Cho Yin Yong

Setting up Kafka on Docker for local development (+ bonus Clickhouse setup)


Created December 13, 2022 - Last Updated December 13, 2022

Introduction

Kafka is a streaming platform that is used to process data in real-time. In a world where data is king, Kafka is a valuable tool for developers and data engineers to learn. However, setting up Kafka locally can be frustrating, which can discourage learning. In this article, I will show you the fastest way to set up Kafka for development using Docker, and also show you how this setup can support connecting locally and from other local Docker containers.

This tutorial assumes that you have some knowledge of using Docker and docker-compose for development.
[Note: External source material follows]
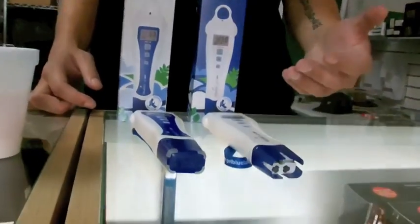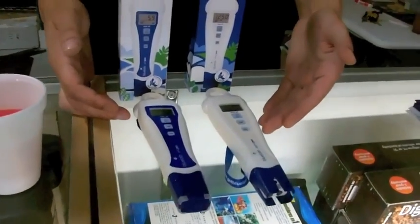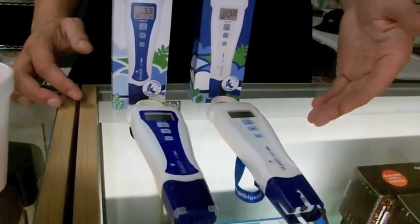Now these meters also have an auto-off feature, similar to the truncheon that Bluelab offers, so once you're done reading, you can just set it down. You don't have to worry about turning it off or anything — just keep your cap on, it's going to shut off, and be ready to go the next time you need to use it.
If you are new to Docker, I recommend reading this article first. If you need to install Docker, follow the instructions here.

Kafka Overview

The below diagram shows a high level overview of what Kafka is for beginners. (there's lot more to Kafka, like Zookeeper, Consumer Groups, Partitions, etc. but we'll leave that for another time.)

Kafka Overview

Kafka categorizes data into topics. A topic is a category or feed name to which records are published.
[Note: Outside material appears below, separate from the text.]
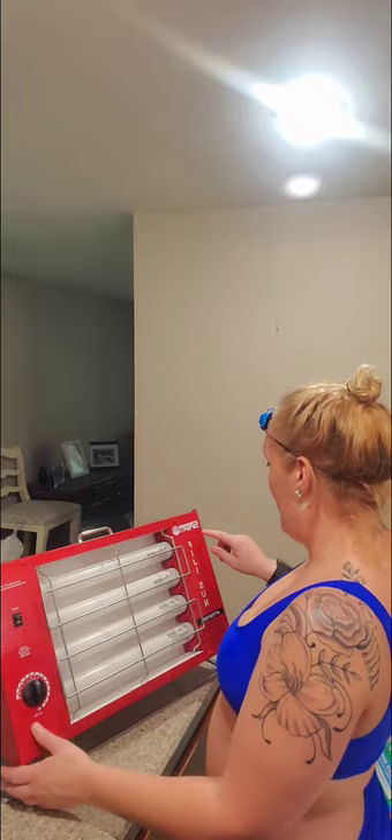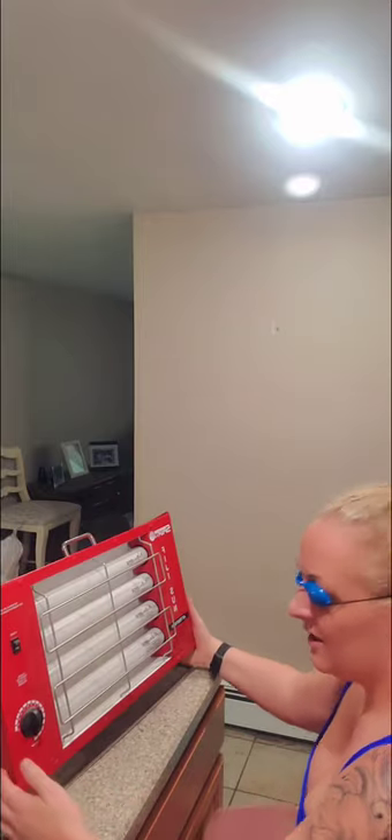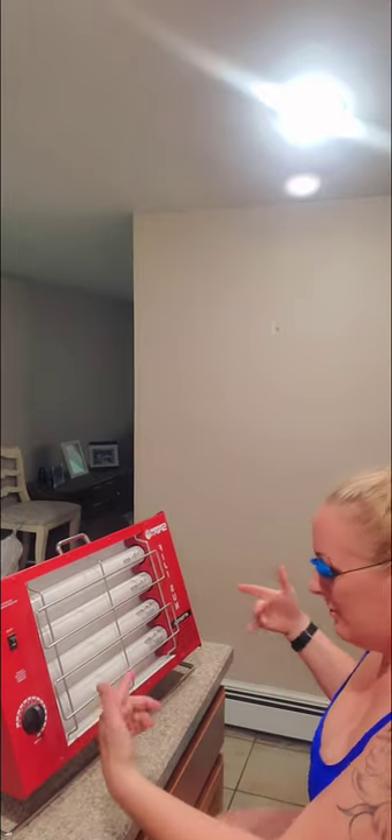This is my demonstration of using my Spurdy Fiji Sunlamp. Got my protective eyewear. I just got it set up on my kitchen counter, 18 inches away from it.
Producers publish messages to a specific topic. The messages can be in any format, with JSON and Avro being popular options. For example, a social media platform might use a producer to publish messages to a topic called posts whenever a user creates a post.

Consumers subscribe to a topic to consume the records published by producers. In the social media example, there might be a consumer set up to consume the posts topic to perform safety checks on the post before it is published to the global feed, and another consumer may asynchronously send notifications to the user's followers.

Setting up Kafka on Docker

We will make use of the bitnami images for Kafka and Zookeeper. I prefer this over the wurstmeister images because it is easier to setup and more actively maintained. We will also make use of the docker-compose tool to manage our containers.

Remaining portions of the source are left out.